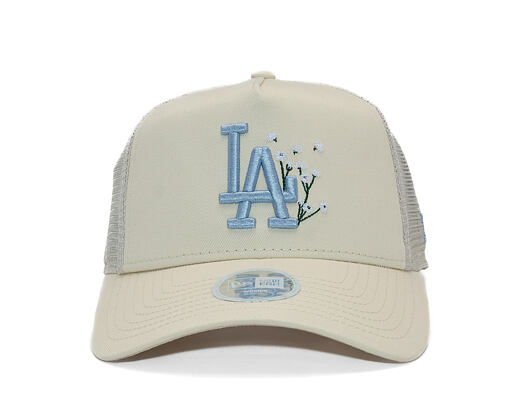 Dámská Kšiltovka New Era - MLB Floral 9FORTY A-Frame Trucker - LA Dodgers - Cream / Sky Blue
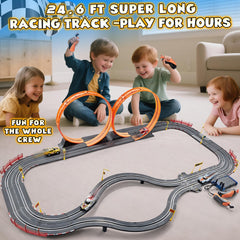 RIANEAN slot car track length 24-6ft provides ample driving space at home.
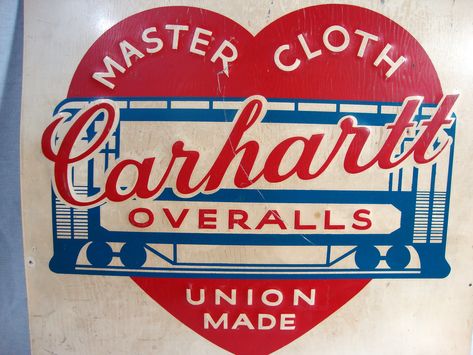 Carhartt Overalls, Overalls Vintage, Carhartt Logo, Architecture 3d, Old Signs, Union Made, 로고 디자인, Blue Heart, Plaque Sign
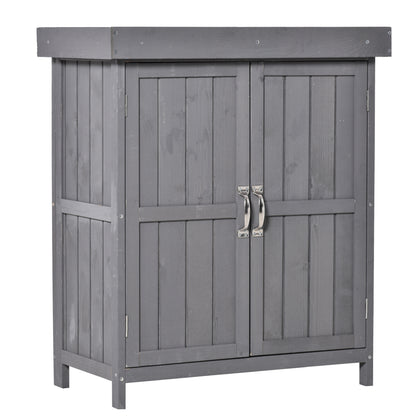 Outsunny Wooden Garden Storage Shed Tool Cabinet Organiser with Shelves, Two Doors,74 x 43 x 88cm, Grey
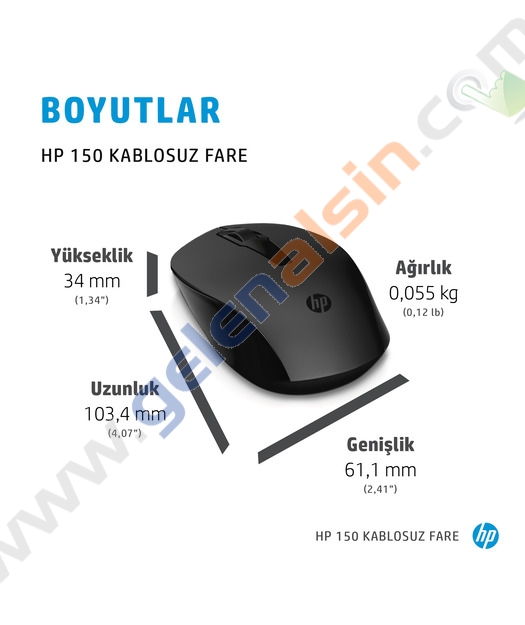 HP 150 2S9L1AA Optik Kablosuz Mouse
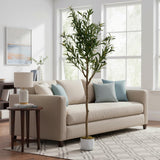 Garvee Albero d'Ulivo Artificiale 152.4 cm con Foglie Naturali e 22 Frutti, Base in Cemento, Poliestere Premium, Decorazione Interna Moderna, Verde - Verde
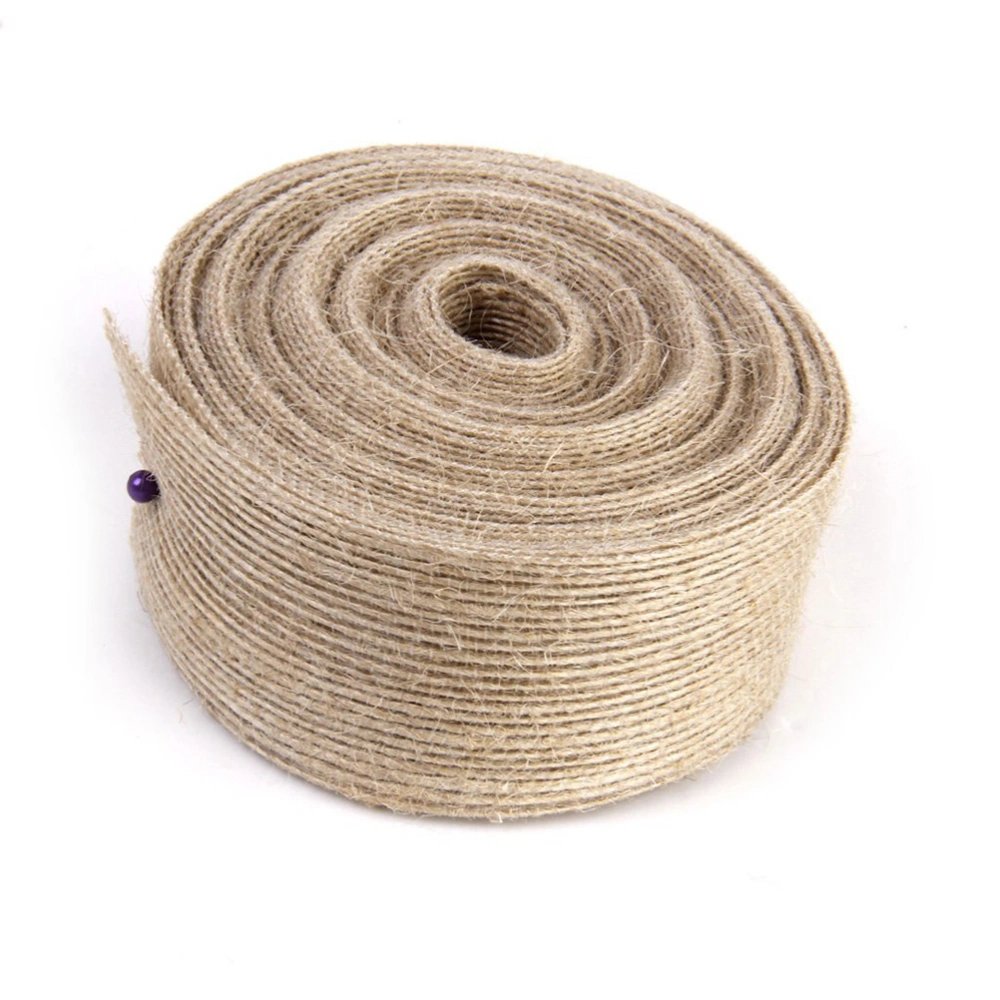 10M*3.8CM Burlap Linear Ribbon for DIY Crafts Home Wedding Decoration (Brown)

> PROBLEM DETAILS
From the first line of the listing above, repeat every line through the one holding "Carhartt Overalls, Overalls". Both ends count, and pictures stay out.

> FINAL ANSWER
 Dámská Kšiltovka New Era - MLB Floral 9FORTY A-Frame Trucker - LA Dodgers - Cream / Sky Blue
 RIANEAN slot car track length 24-6ft provides ample driving space at home.
 Carhartt Overalls, Overalls Vintage, Carhartt Logo, Architecture 3d, Old Signs, Union Made, 로고 디자인, Blue Heart, Plaque Sign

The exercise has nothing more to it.